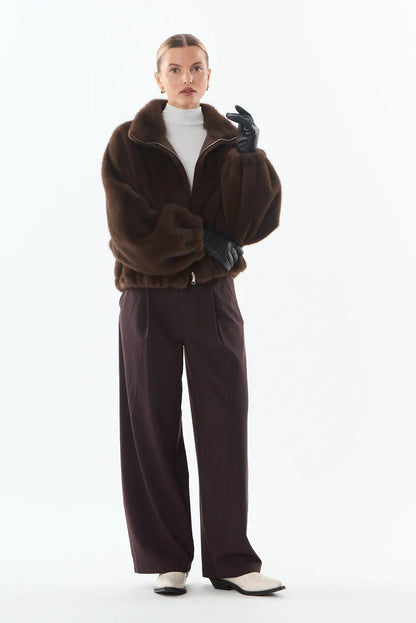 Mujer con chaqueta de piel sintética marrón, pantalones anchos burdeos y guantes negros.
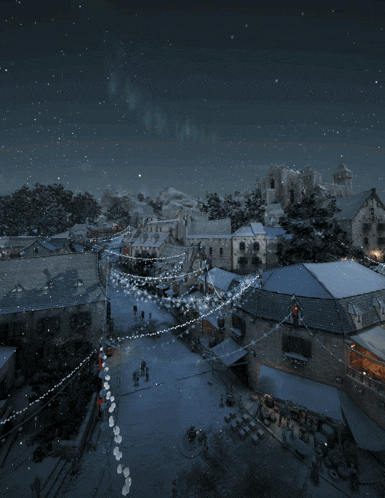 an aerial view of a snowy town at night with the aurora borealis in the background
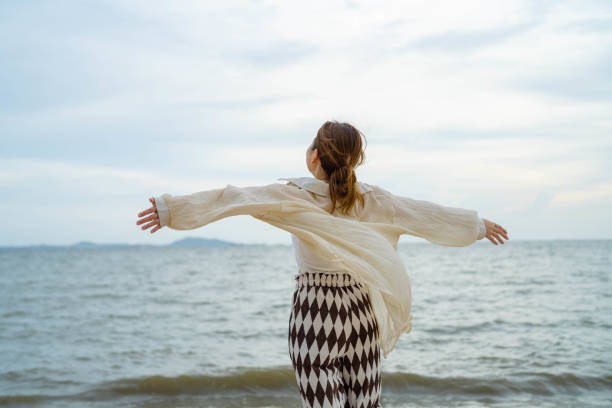 istock Young woman enjoying her walk on the beach 1410940635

= = =

To complete this exercise, repeat exactly the lines above from the one holding "an aerial view" to the end of the listing, both included, and leave the pictures out.

 an aerial view of a snowy town at night with the aurora borealis in the background
 istock Young woman enjoying her walk on the beach 1410940635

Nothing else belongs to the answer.